[DATASET ENTRIES Boundary: Start]

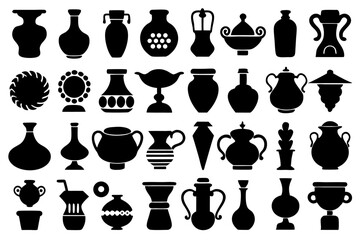 Collection of pottery ceramic vase silhouette shapes isolated on transparent background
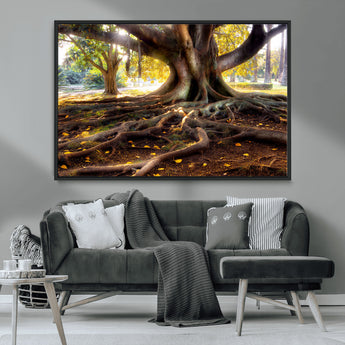 53335-MGV-CV-36X24-Majestic Tree with Sprawling Roots Wall Art – Serene Sunlit Park Scene, Nature Canvas Print, Perfect for Living Room, Office or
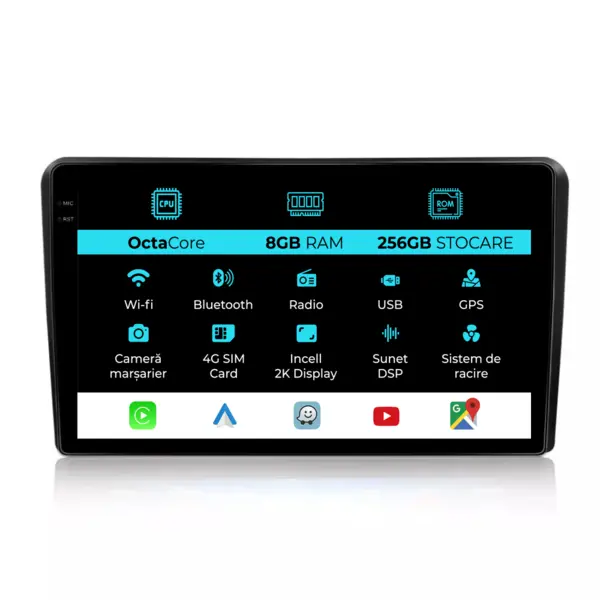 Navigatie Dedicata Kia Ceed (2006-2012), 2K, 8Gb Ram, 256Gb Stocare, Carplay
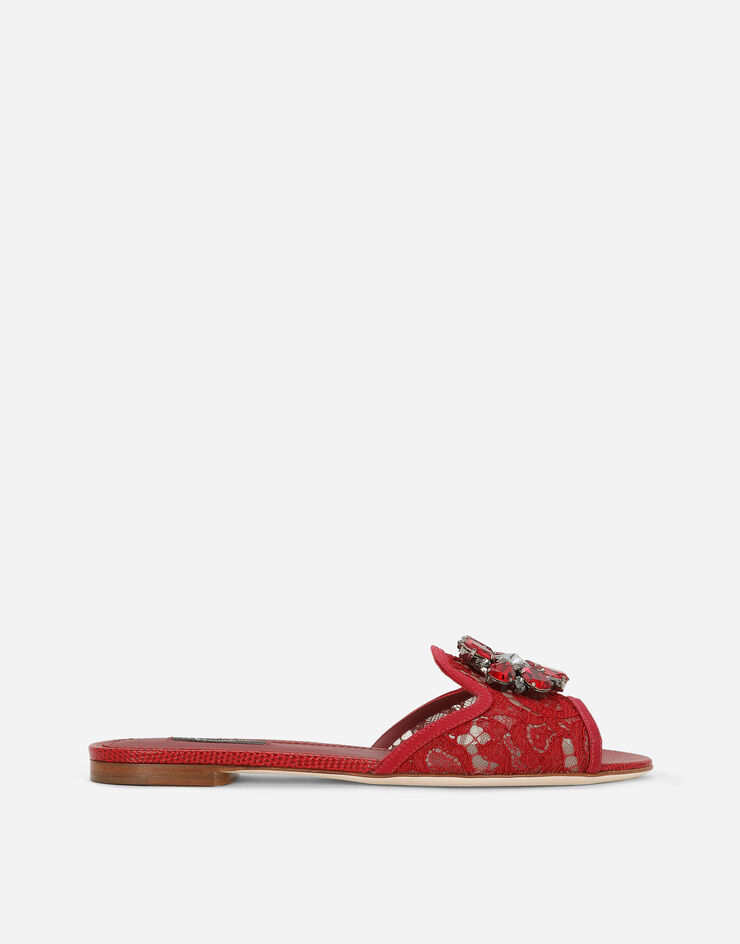 Dolce & Gabbana Slippers in pizzo con cristalli Rosso Scuro CQ0023AG667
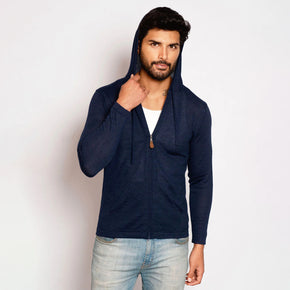 Front view of men's lightweight alpaca hoodie in navy, made from soft baby alpaca wool - zipped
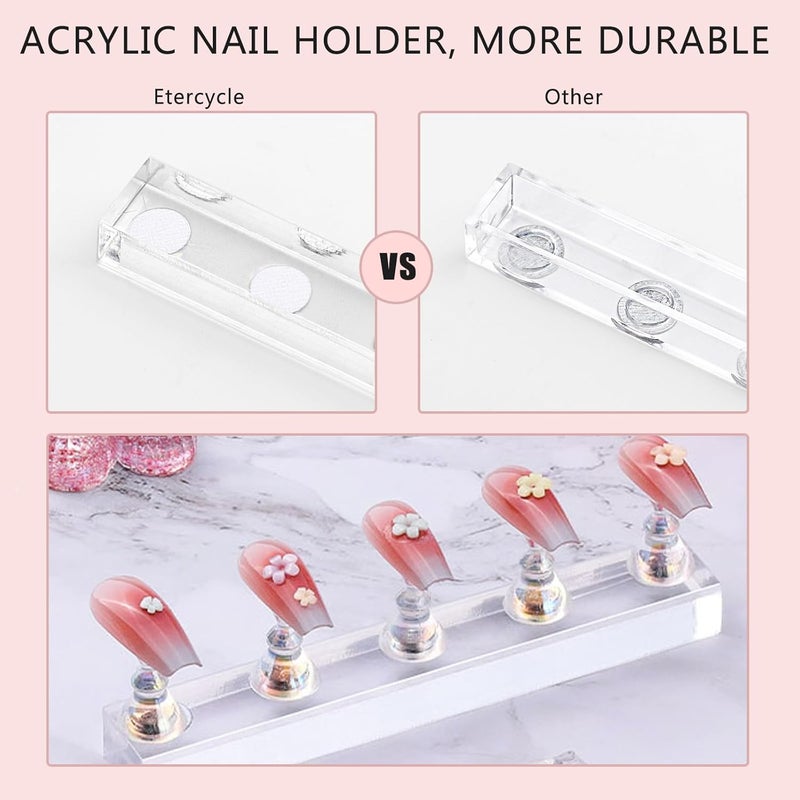 Etercycle Nail Stand Acrylic Nail Art Display Stand Practice Nail Holder for Painting Nails Practice Stands with Reusable Putty (Pink) - Image 3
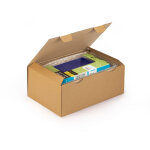 Raja bote d'expdition brune en carton simple cannelure - l. 43 x l. 30 x h. 18 cm - lot de 50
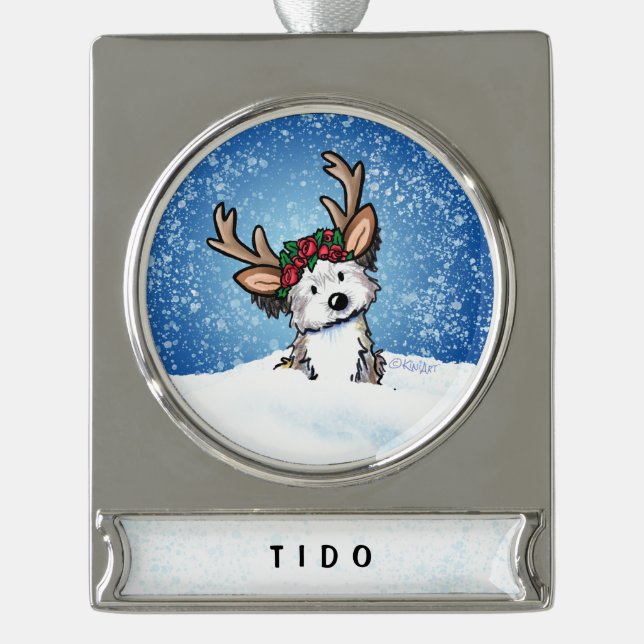 Havanese Rentier Weihnachtsdekoration Banner-Ornament Silber (Vorderseite)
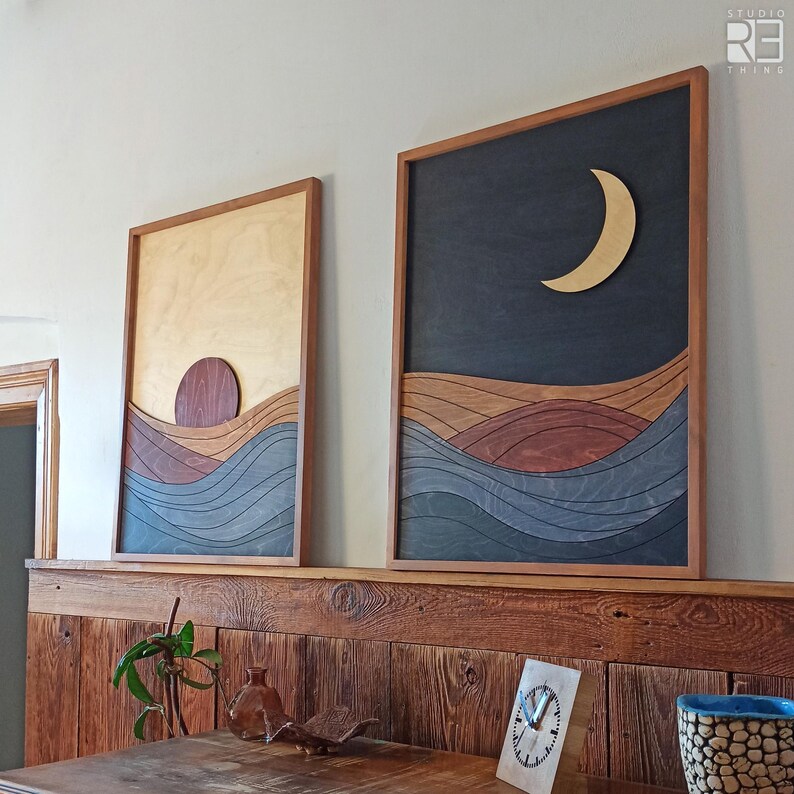 Set of 2 Boho Wood Wall Art, Sun and Moon Textured Wall Art, Mid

[DATASET ENTRIES Boundary: End]

■ **EXERCISE REQUIREMENTS**
I'd like every record transcribed exactly, with no pictures carried over.

■ **OUTPUT OF THE TASK**
 Collection of pottery ceramic vase silhouette shapes isolated on transparent background
 53335-MGV-CV-36X24-Majestic Tree with Sprawling Roots Wall Art – Serene Sunlit Park Scene, Nature Canvas Print, Perfect for Living Room, Office or
 Navigatie Dedicata Kia Ceed (2006-2012), 2K, 8Gb Ram, 256Gb Stocare, Carplay
 Dolce & Gabbana Slippers in pizzo con cristalli Rosso Scuro CQ0023AG667
 Front view of men's lightweight alpaca hoodie in navy, made from soft baby alpaca wool - zipped
 Etercycle Nail Stand Acrylic Nail Art Display Stand Practice Nail Holder for Painting Nails Practice Stands with Reusable Putty (Pink) - Image 3
 Raja bote d'expdition brune en carton simple cannelure - l. 43 x l. 30 x h. 18 cm - lot de 50
 Havanese Rentier Weihnachtsdekoration Banner-Ornament Silber (Vorderseite)
 Set of 2 Boho Wood Wall Art, Sun and Moon Textured Wall Art, Mid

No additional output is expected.